Re: random(4) and VMs
On Tue, Sep 18, 2018 at 7:03 PM John Denker wrote: > > Is a fix that only deals with a subset of the problem worth > > considering? Just patch the VM support code so that any time a VM is > > either booted or re-started after a save, the host system drops in > > some entropy, ... > > Good solutions already exist for that subset of the problem. > > Configure your VM so that each guest has a virtual /dev/hwrng > I know this works for qemu. > I imagine it works for other VMs. > > If you find this unsatisfactory, please explain. It may still leave a VM that is snapshotted & restarted vulnerable to replay since the random state is saved & restored. I'm not sure this is much of a problem since an attacker would presumably need privileged access to the host to exploit it & if he has that, all is lost anyway.
Re: random(4) and VMs
On 09/18/2018 10:00 AM, Sandy Harris wrote: > Is a fix that only deals with a subset of the problem worth > considering?
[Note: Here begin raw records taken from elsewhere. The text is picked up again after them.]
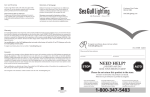 Sea Gull Lighting 89137BLE-08 Installation Guide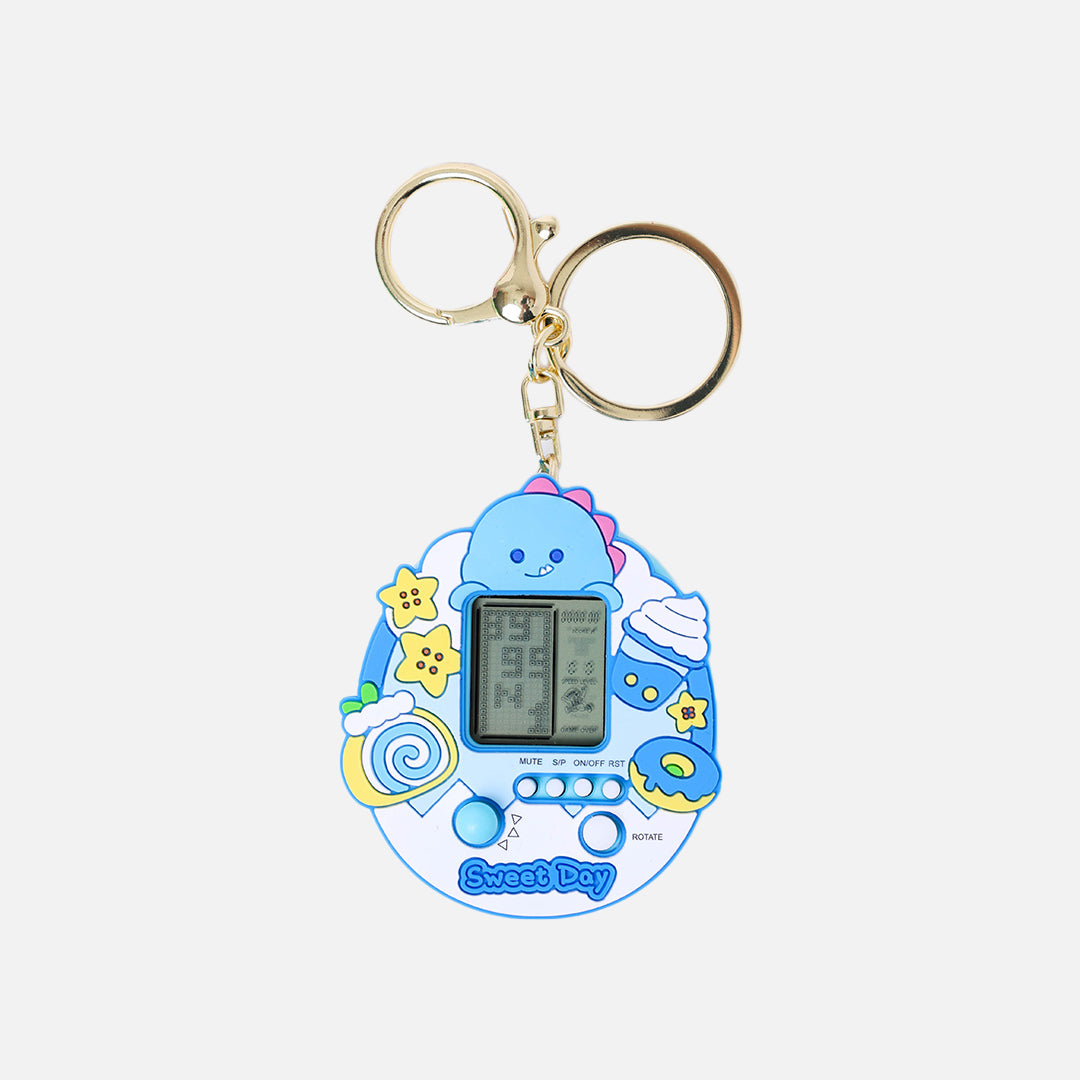 Stroberi Dinosaur Game Keychain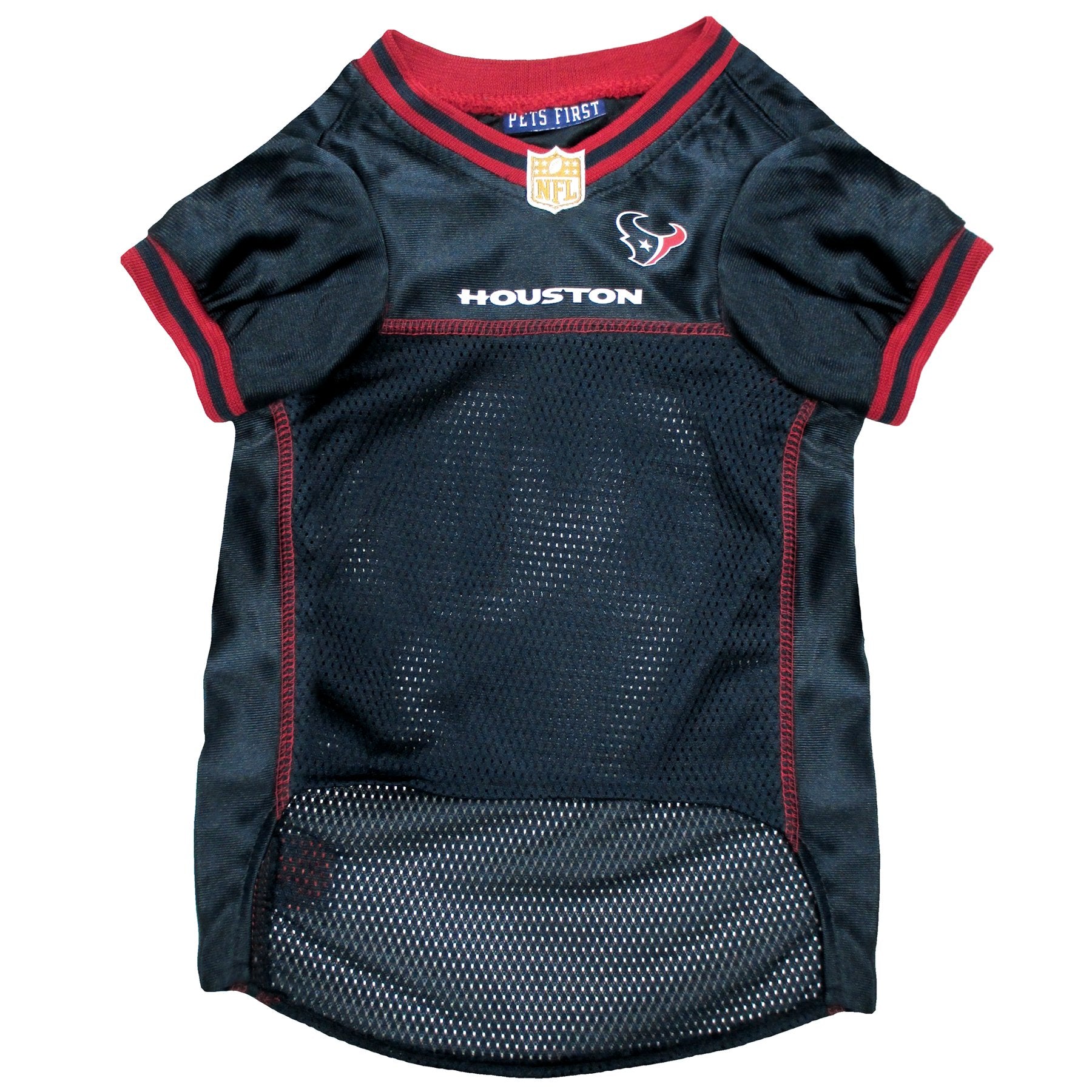 Nfl Housotn Texans Dog Jersey, Size: X-Small. Best Football Jersey Costume For Dogs & Cats. Licensed Jersey Shirt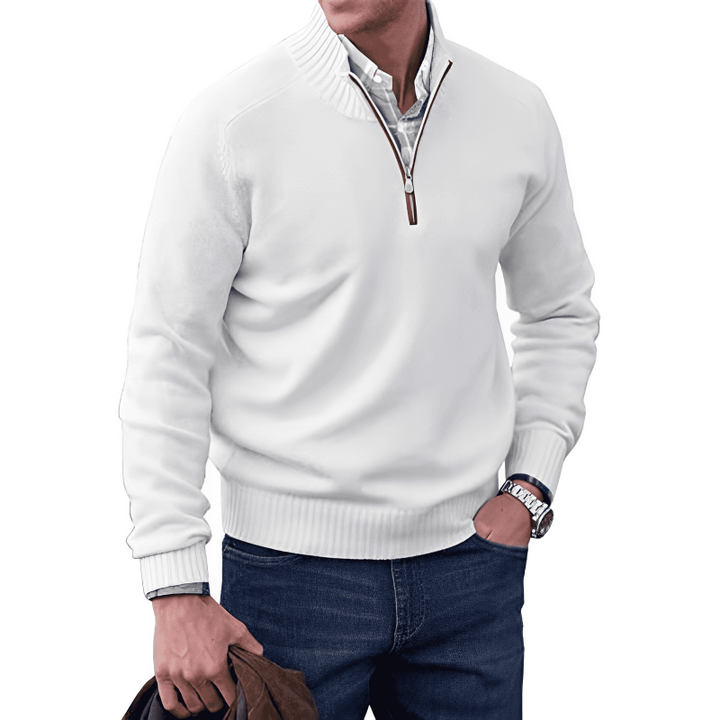 Noah™ | Cashmere Sweater with Zipper
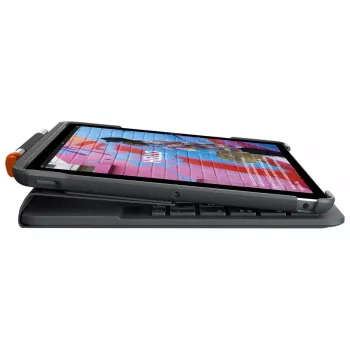 LOGITECH Slim Folio für iPad 7. Generation Graphit Qwertz Deutsch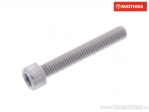 Βίδα καπάκι Pro Bolt M6 x 1,00 x 40 χιλ. αλουμίνιο ασημί - JM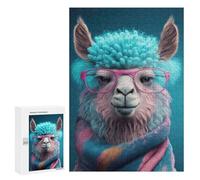 Rompecabezas para Adultos300 PCS Cute Llama Art Rompecabezas para Adultos Juegos Divertidos Decoración De Pared Oferta como Regalos para Toda La Familia 300 PCS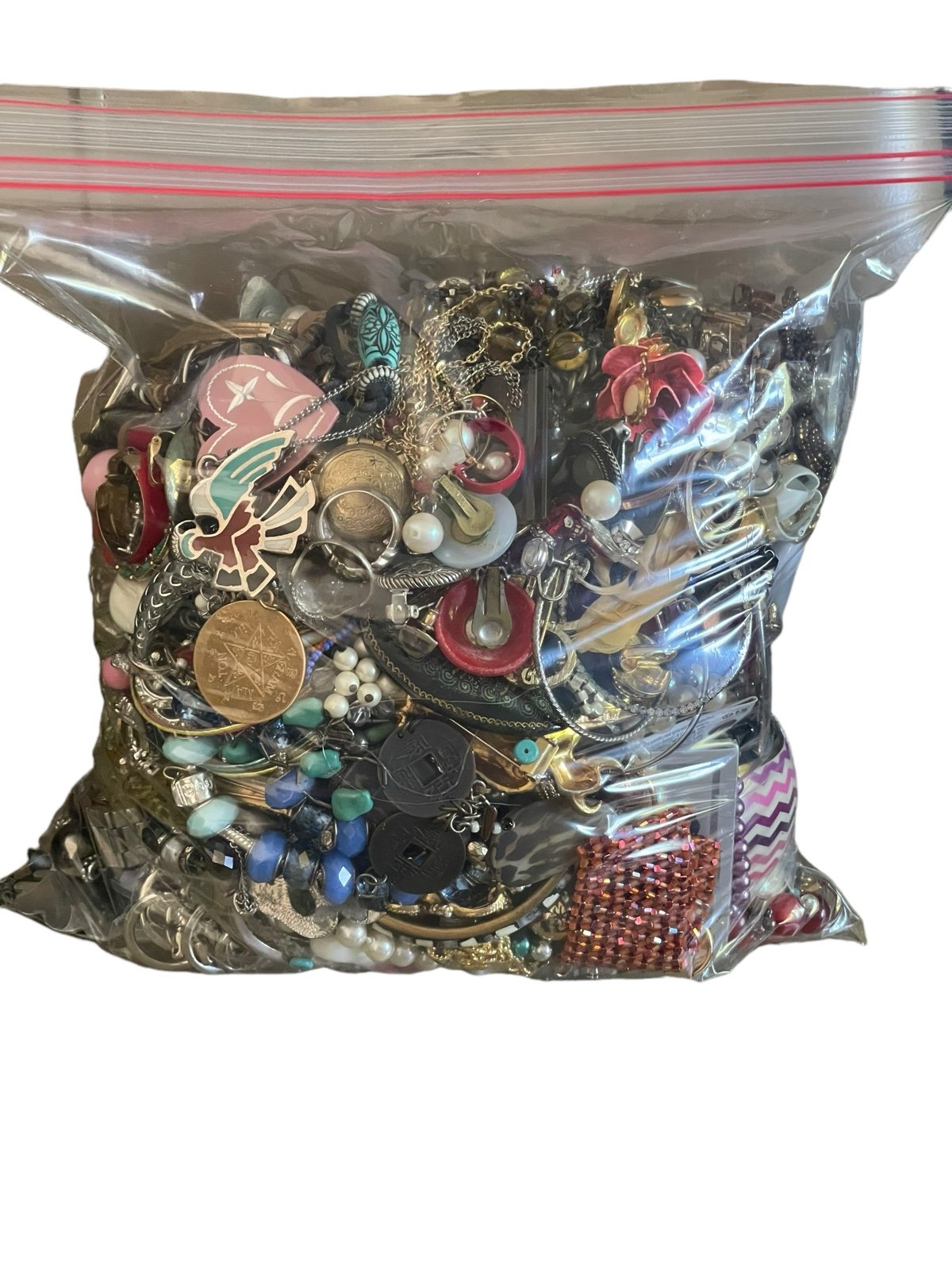 LOT OF ASSORTED JEWELRY BRACELETS NECKLACES EARRINGS BEADS HAIR BOWS 9.3 LBS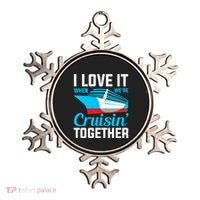 I Love It When Were Cruisin Together Boating Cruise Trip Funny Gift Ornament thumb 0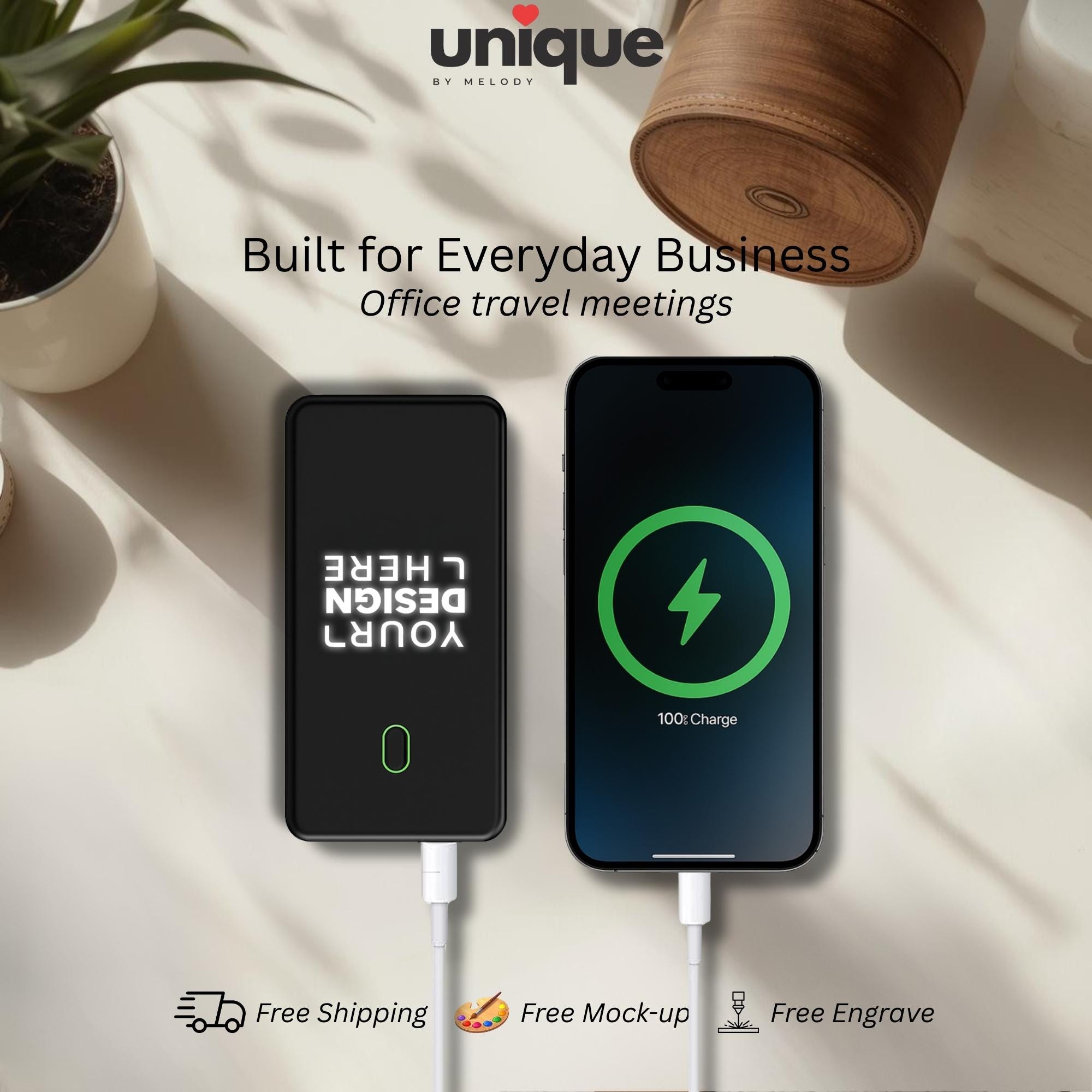 Custom Logo Magsafe Powerbank Light Up Magnetic Charger Portable Fast Wireless Corporate Employee Client Trade Show Promo Tech Gift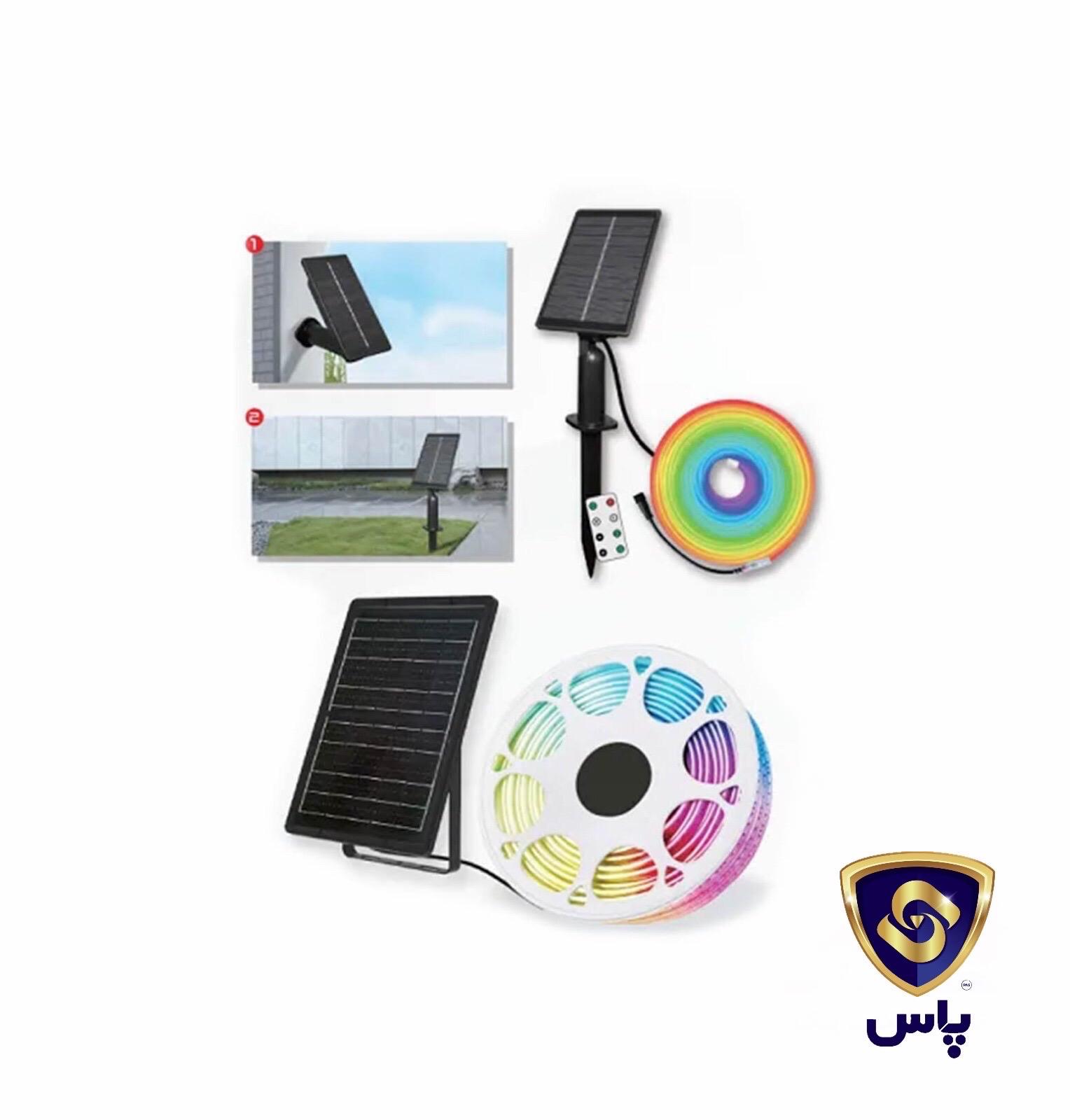 ریسه ی شلنگی سی متری خورشیدی RGB افکت دار - Image 3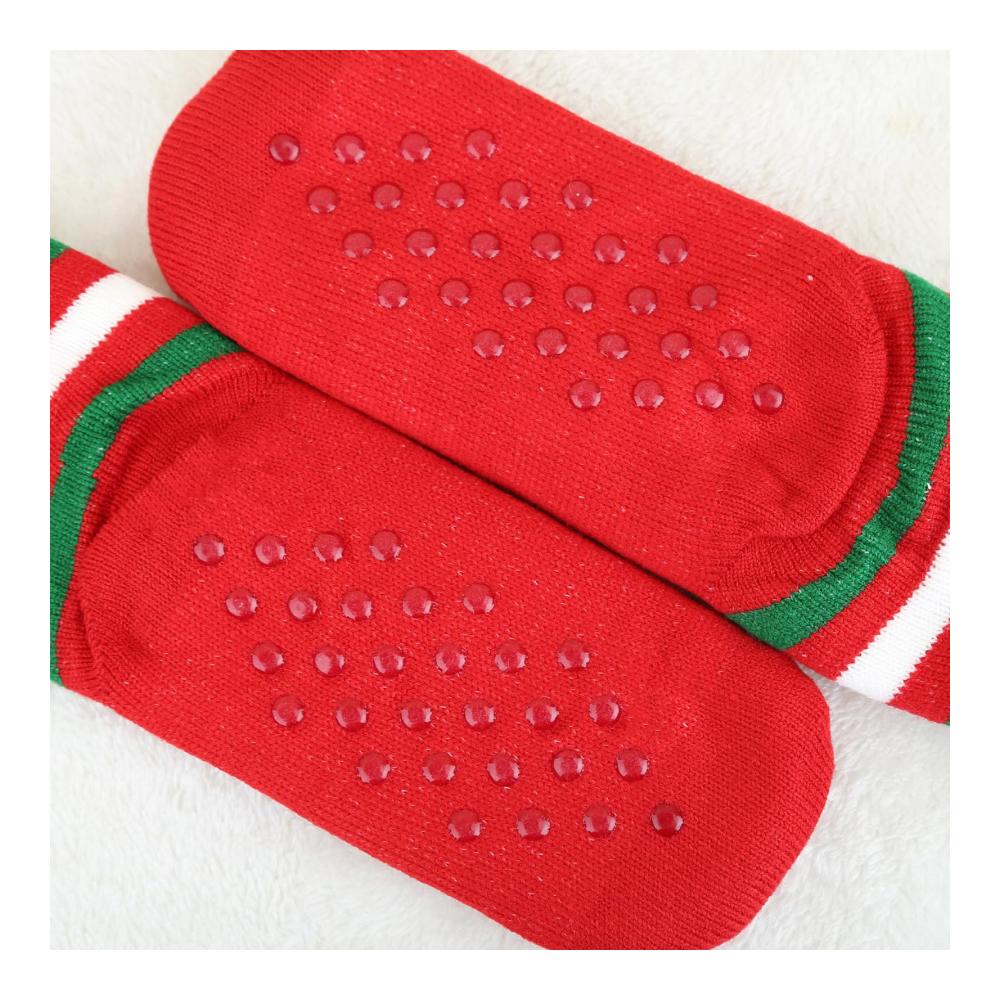 Flauschige Weihnachtssocken Warme Damen Fuzzy Socks mit Anti-Rutsch-Noppen – Kuschelsocken für den Winter 1 Paar Hüttensocken Ideale Wintersocken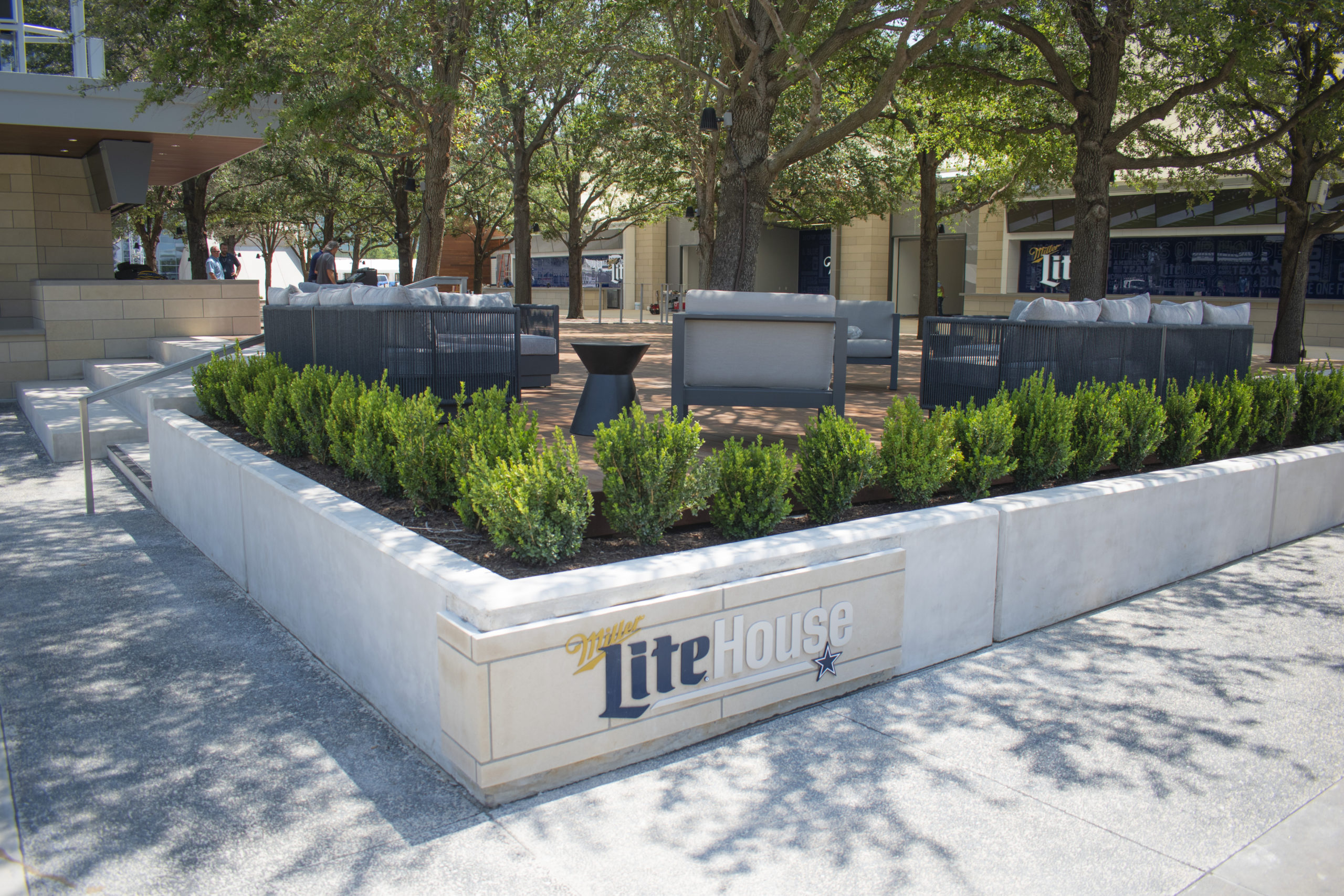 Miller Lite House at AT&T Stadium (Photo Credit Manhattan Construction)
Just patch the VM support code so that any time a VM is > either booted or re-started after a save, the host system drops in > some entropy, This looks relatively easy to do, at least for Linux > VMs, and some of the code might be the same as what the more general > approaches would need. Good solutions already exist for that subset of the problem. Configure your VM so that each guest has a virtual /dev/hwrng I know this works for qemu. I imagine it works for other VMs. If you find this unsatisfactory, please explain.
random(4) and VMs
Getting the random driver well initialised early enough is a hard problem, at least on some machines. Solutions have been proposed by various people. If I understand them right, Ted Ts'o suggests modifying the boot loader to provide some entropy & John Denker suggests that every machine should be provisioned with some entropy in the kernel image at install time. Both are general solutions, but I think both would require updating the entropy store later. As far as I know, neither has yet been implemented as accepted patches Is a fix that only deals with a subset of the problem worth considering? Just patch the VM support code so that any time a VM is either booted or re-started after a save, the host system drops in some entropy, This looks relatively easy to do, at least for Linux VMs, and some of the code might be the same as what the more general approaches would need.